[Opening PROVIDED RECORDS section]

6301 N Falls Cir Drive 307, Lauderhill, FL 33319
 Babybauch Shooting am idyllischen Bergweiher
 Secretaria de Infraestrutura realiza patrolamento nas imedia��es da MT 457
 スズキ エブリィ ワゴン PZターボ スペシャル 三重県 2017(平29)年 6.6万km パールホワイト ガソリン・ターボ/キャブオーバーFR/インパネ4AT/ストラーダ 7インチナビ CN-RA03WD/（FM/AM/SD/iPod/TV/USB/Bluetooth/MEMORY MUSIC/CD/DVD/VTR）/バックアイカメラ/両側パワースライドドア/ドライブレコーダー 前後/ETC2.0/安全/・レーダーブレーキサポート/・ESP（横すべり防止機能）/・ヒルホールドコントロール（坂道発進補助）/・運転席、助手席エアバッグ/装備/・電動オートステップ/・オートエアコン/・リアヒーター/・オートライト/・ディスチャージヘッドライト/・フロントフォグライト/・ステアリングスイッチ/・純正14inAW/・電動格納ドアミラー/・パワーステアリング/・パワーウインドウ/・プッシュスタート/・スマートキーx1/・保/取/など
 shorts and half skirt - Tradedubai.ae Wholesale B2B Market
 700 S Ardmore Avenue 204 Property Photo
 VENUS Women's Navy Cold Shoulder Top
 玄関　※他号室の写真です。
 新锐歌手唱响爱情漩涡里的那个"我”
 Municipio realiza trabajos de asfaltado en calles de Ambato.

[Closing PROVIDED RECORDS section]

- [TRY IT]:
Write out the lines above from the one containing "700 S Ardmore Avenue 204 Property Photo" through the last, exactly as they are.

- [COMPLETED EXERCISE]:
 700 S Ardmore Avenue 204 Property Photo
 VENUS Women's Navy Cold Shoulder Top
 玄関　※他号室の写真です。
 新锐歌手唱响爱情漩涡里的那个"我”
 Municipio realiza trabajos de asfaltado en calles de Ambato.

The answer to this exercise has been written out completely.